There’s always that moment. Usually somewhere between uploading your file and hovering over “Publish”, when your stomach turns into some sort of warm, anxious soup and your brain pipes up with, “What the hell are you doing?” And not in a helpful, curious way. In a full-blown, arms-folded, sarcastic voice that sounds suspiciously like your Year 10 English teacher.
It doesn’t matter what kind of book it is. It could be a journal, a workbook, a collection of vegan recipes written entirely in haiku. If you made it, there’s you in it; your effort, your ideas, your energy, and that one sentence you rewrote seventeen times and still think might be a bit naff but left in anyway because honestly, you just wanted the draft done.
So, of course it’s terrifying. Not because publishing is inherently hard (though yes, thank you, KDP, for your wildly inconsistent formatting errors) but because it’s vulnerable. You are literally saying, “Here, world. I made this thing. Please don’t laugh or throw it back at me or tell me I should’ve used Garamond.”
The genre question that broke her
I’ve seen people crumble at the weirdest points. I had a client once who walked away from her book for three whole months because someone casually asked what genre it was. That’s all it took. One innocent question and she vanished like a puff of smoke. Laptop closed. Confidence gone. No backup plan, no message, just vanished into a self-doubt spiral. Because she didn’t know the answer. That was it - the entire launch derailed over a label.
I get that. Because fear doesn’t show up waving a sign that says “HELLO, I’M FEAR.” It shows up as:
Maybe I’ll just tidy up my intro again.
I’m not ready yet, I’ll wait until next month.
This is a terrible idea and I’ll be publicly shamed forever.
Fear is ridiculous, but it’s also really convincing.

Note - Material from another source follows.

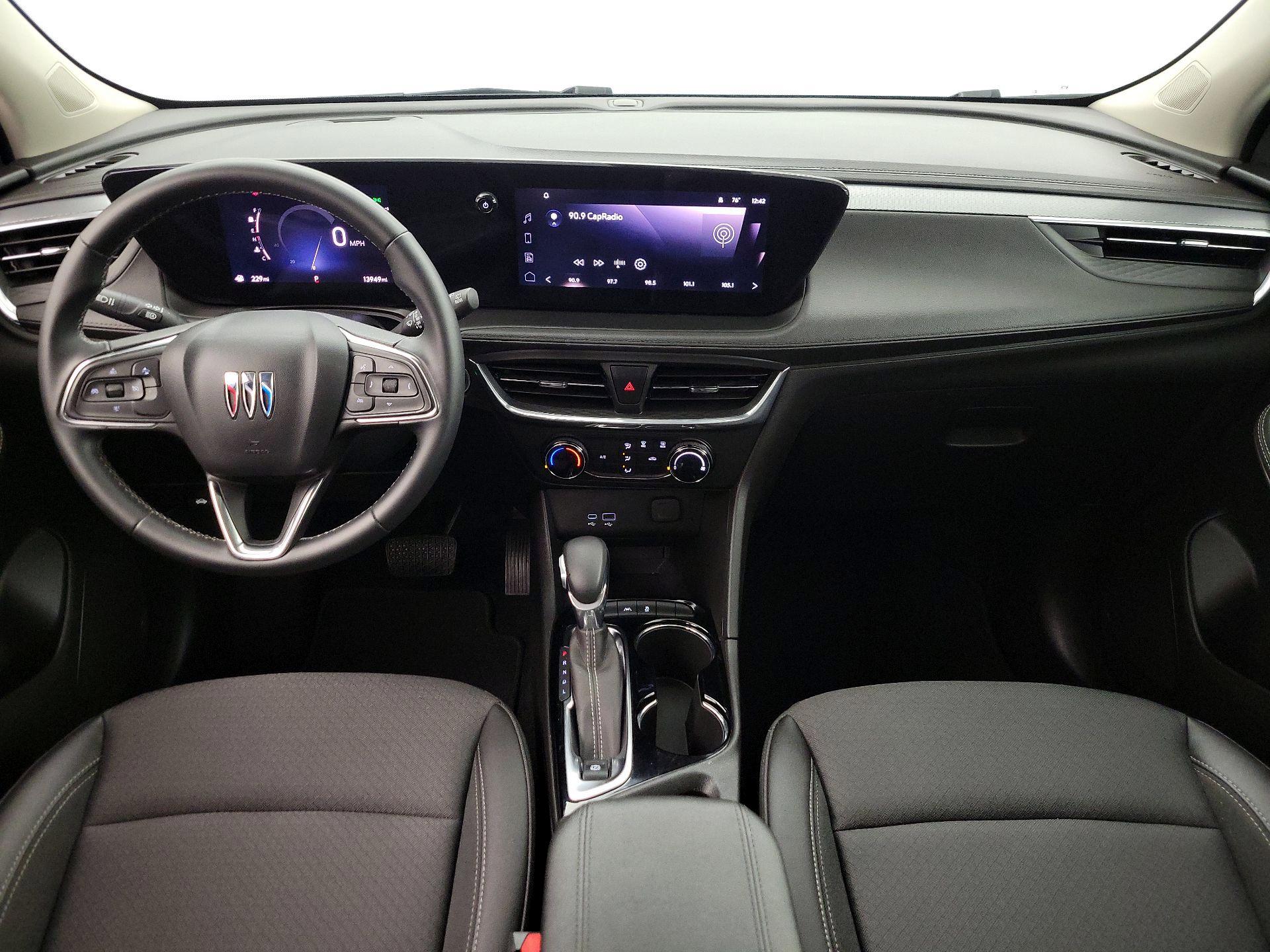 Thumbnail: 2025 Buick Encore GX - 9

Don’t scrap the goal, shrink the step
The only way I’ve ever known to get through it is to stop thinking in terms of “publish my book” and start thinking in terms of “open the file.” That’s it. Not finish it, not fix it, not make it perfect - just open it. Then check the margins, then preview it, then stare at the screen for an hour and eat something beige. Then maybe, maybe, press the button.

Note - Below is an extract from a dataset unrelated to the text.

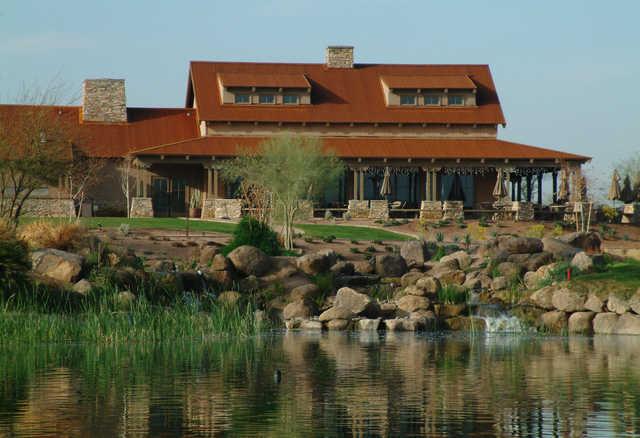 The Duke Golf Course at Rancho El Dorado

You need a tiny action your inner critic can’t talk you out of, rather than a heroic, fearless moment where you throw off your cloak and gallop into the literary sunset.

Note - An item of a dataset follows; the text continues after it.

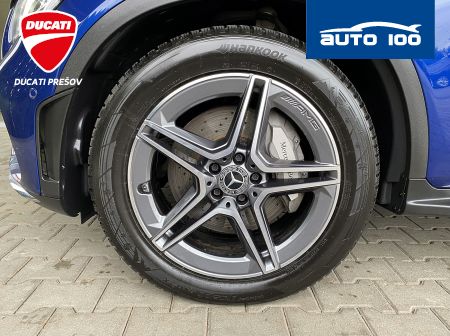 Mercedes-Benz GLC 220d 4Matic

And now, a word from someone far wiser…
Calvin Coolidge said it best (and I rarely quote dead American presidents, but here we are):
“Nothing in the world can take the place of persistence. Talent will not… Genius will not… Education will not… Persistence and determination alone are omnipotent.”
Not confidence. Not fearlessness. Not even knowing your genre. Not mastering the algorithm or having the world’s most polished About page. Just showing up again, and again, and again - just sticking with it (a bit like me here on Substack).
You can do this. Even if your brain is having a tantrum. Even if you’ve got six different drafts with increasingly desperate filenames. Even if you secretly think maybe you’re not “a real author.”
You just have to keep going. And if your brain says otherwise, tell it to sit down. You’ve got a book to finish.